I'm trying to proof that if $\{X_n\}$ and $\{Y_n\}$ converge in probability to $X$ and $Y$ then $X_n Y_n$ converges in probability to $X Y$. I'm following the book "Modern Probability Theory" by B. Ramdas (pages 144-145).
At some point he states the following:
Since $\{X_n\}$ converges to $X$, which is bounded in probability $\{X_n\}$'s are uniformly bounded in probability
I understand that $X$ is bounded in probability and I proved it by contradiction using the fact that a random variable is finite out of a set of measure zero.
I don't see why the last part of it is true.

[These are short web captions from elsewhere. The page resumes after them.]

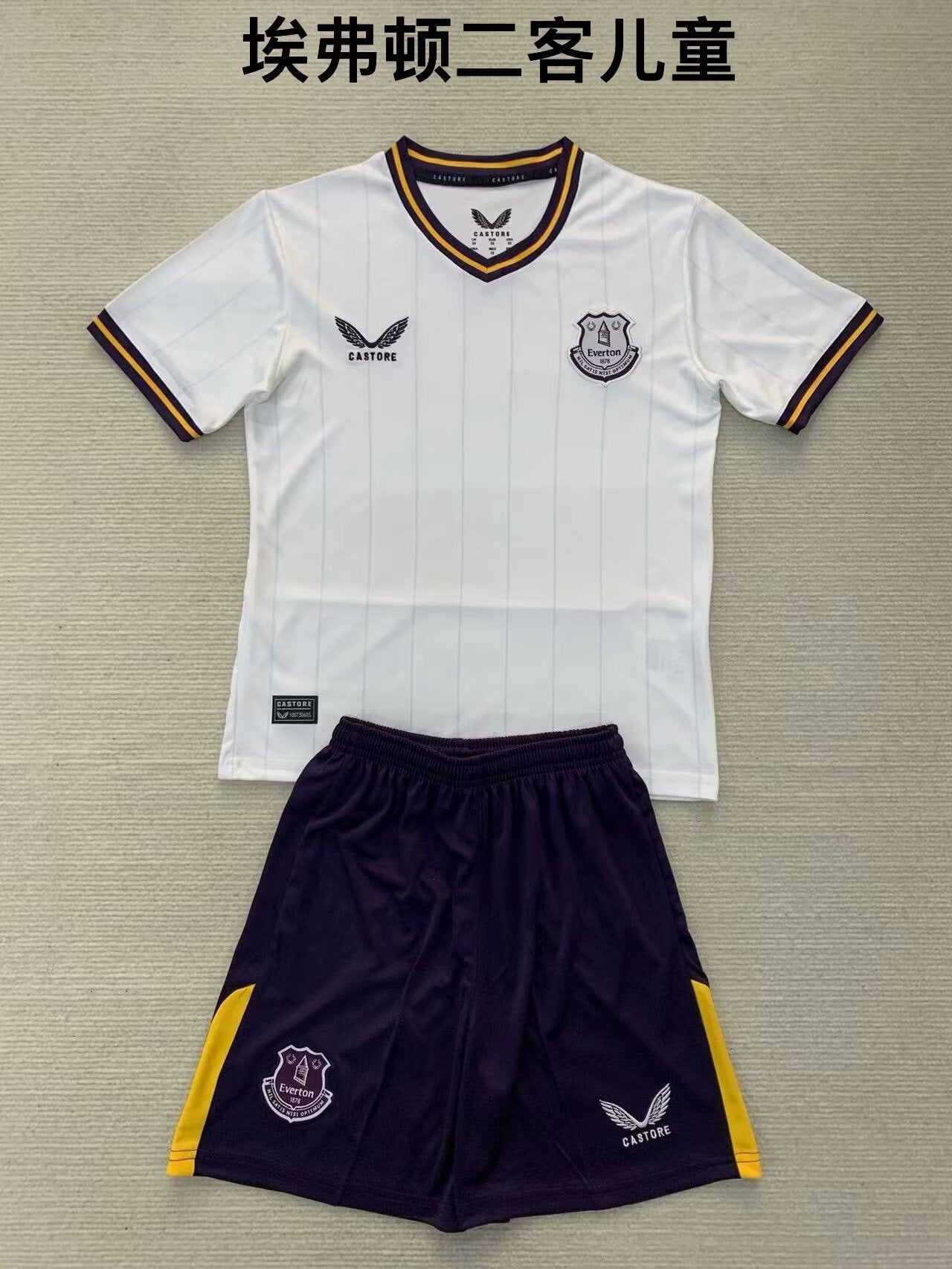 Everton 2024/2025 Kids Third Away Football Jersey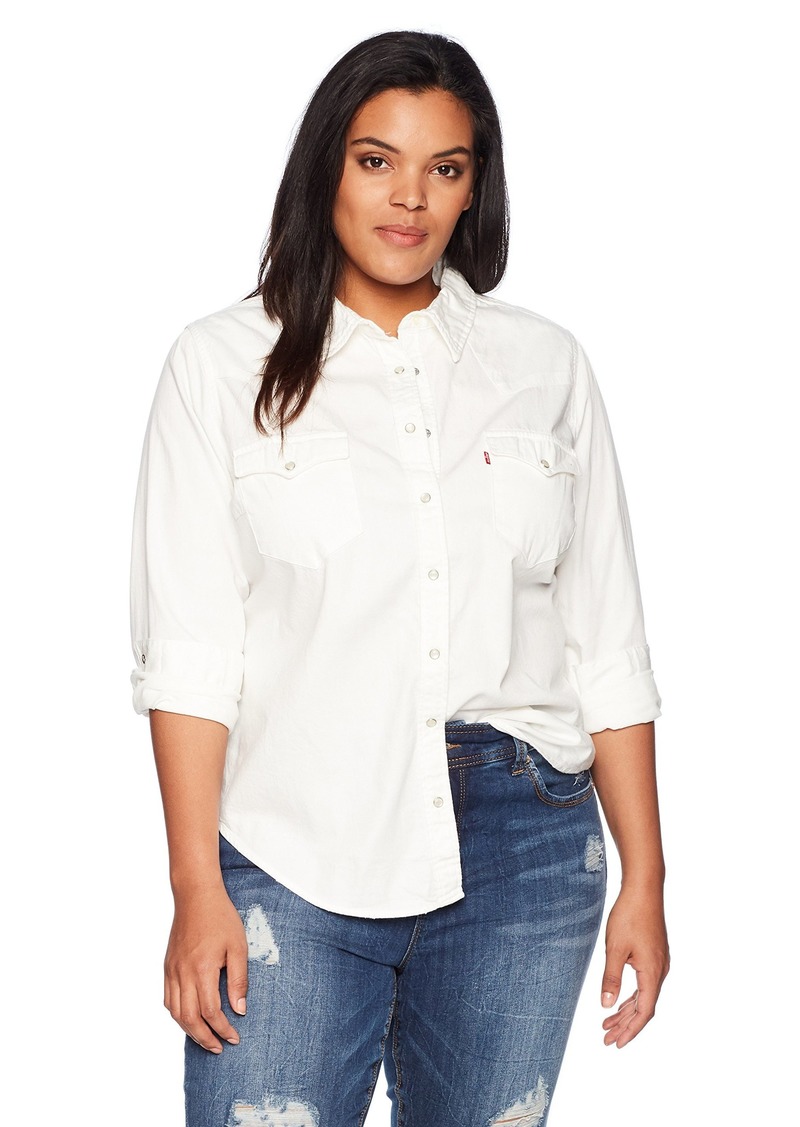 levi's plus size shirt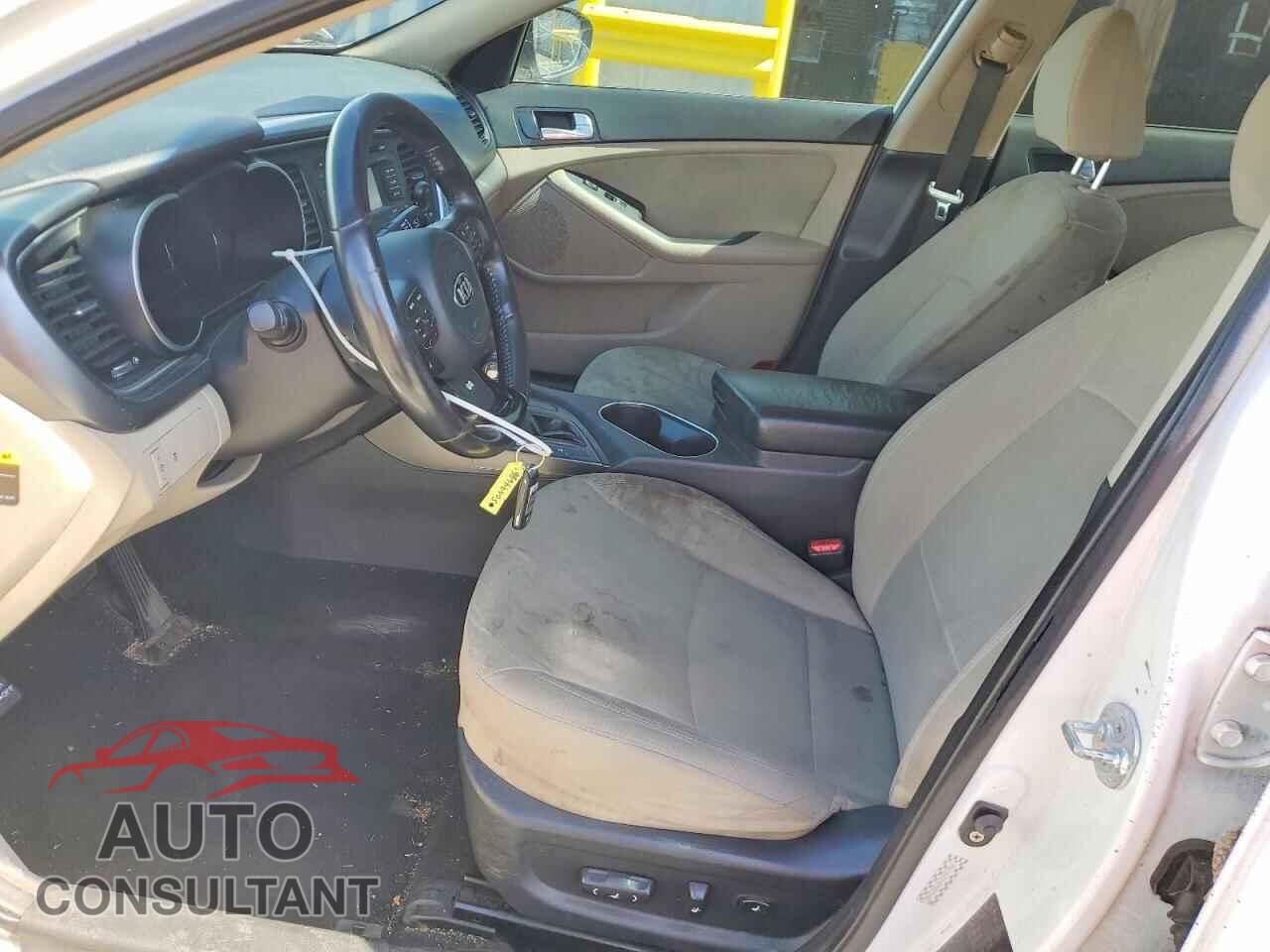 KIA OPTIMA 2015 - KNAGM4AD9F5085442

The definition give for uniformly bounded is:
A sequence ${X_n}$ of random variables is said to uniformly converge in probability if $\forall \epsilon > $ 0 $ \exists $ a $ > 0 $ such that $ P(|X_n| > a) < \epsilon $ $\forall $ n $ $
This proof is important to me as it is the easiest to understand and the most elegant I've found using elementary concepts.

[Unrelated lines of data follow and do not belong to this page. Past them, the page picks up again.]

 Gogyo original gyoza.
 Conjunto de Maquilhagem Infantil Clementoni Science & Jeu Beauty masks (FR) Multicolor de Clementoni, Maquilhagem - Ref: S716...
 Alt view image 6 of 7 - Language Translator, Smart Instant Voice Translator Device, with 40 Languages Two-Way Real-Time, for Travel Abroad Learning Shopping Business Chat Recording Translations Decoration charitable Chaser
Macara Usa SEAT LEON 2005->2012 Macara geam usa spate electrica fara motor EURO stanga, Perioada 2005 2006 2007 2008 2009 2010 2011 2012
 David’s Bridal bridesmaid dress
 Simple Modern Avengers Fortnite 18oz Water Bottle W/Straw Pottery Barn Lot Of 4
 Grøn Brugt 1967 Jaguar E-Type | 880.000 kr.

Given $\epsilon>0$, choose $b>0$ so large that $P(|X|>b)<\epsilon/2$. Next, because $X_n$ converges in probability to $X$, there is $N\in\Bbb N$ such that if $n\ge N$ then $P(|X-X_n|>1)<\epsilon/2$. But $|X_n|\le|X|+|X_n-X|$, so that $\{|X_n|>b+1\}\subset\{|X|>b\}\cup\{|X_n-X|>1\}$, and therefore (taking $a:=b+1$) $$ P(|X_n|>a)\le P(|X|>b)+P(|X_n-X|>1)<{\epsilon\over 2}+{\epsilon\over 2}=\epsilon, $$ provided $n\ge N$. Increasing $a$ if necessary, one can arrange that we also have $P(X_n|>a)<\epsilon$ for $n=1,2,\ldots, N-1$. This increase only make $P(|X_n|>a)$ smaller for $n\ge N$, so we're done.